§ Data block
---+---

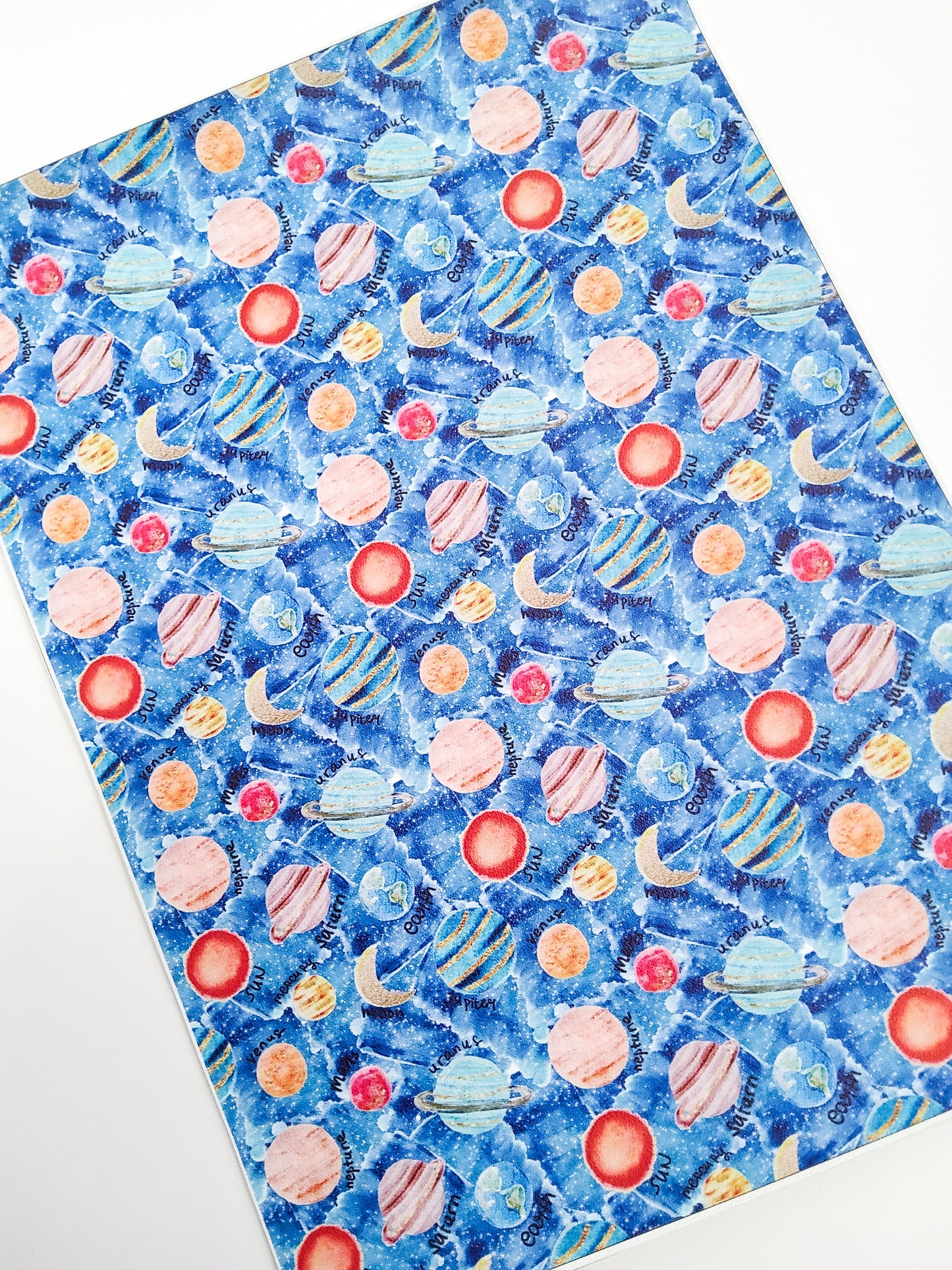 Planets 9x12 faux leather sheet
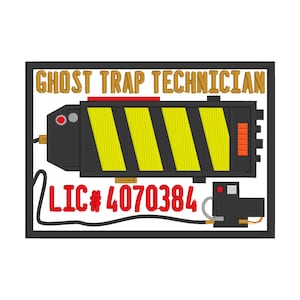 May include: Embroidered patch featuring a black and yellow Ghost Trap with the text "GHOST TRAP TECHNICIAN" above and "LIC #4070384" below. The patch has a black border and is on a white background.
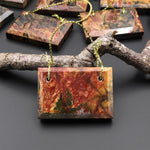 Two 2 Hole Pendant Natural Red Creek Jasper Drilled Faceted Rectangle Focal Bead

---+---

Your task is to retype exactly the lines that run from the line with "May include: Embroidered" through the last line of the material, with the pictures left out.

 May include: Embroidered patch featuring a black and yellow Ghost Trap with the text "GHOST TRAP TECHNICIAN" above and "LIC #4070384" below. The patch has a black border and is on a white background.
 Two 2 Hole Pendant Natural Red Creek Jasper Drilled Faceted Rectangle Focal Bead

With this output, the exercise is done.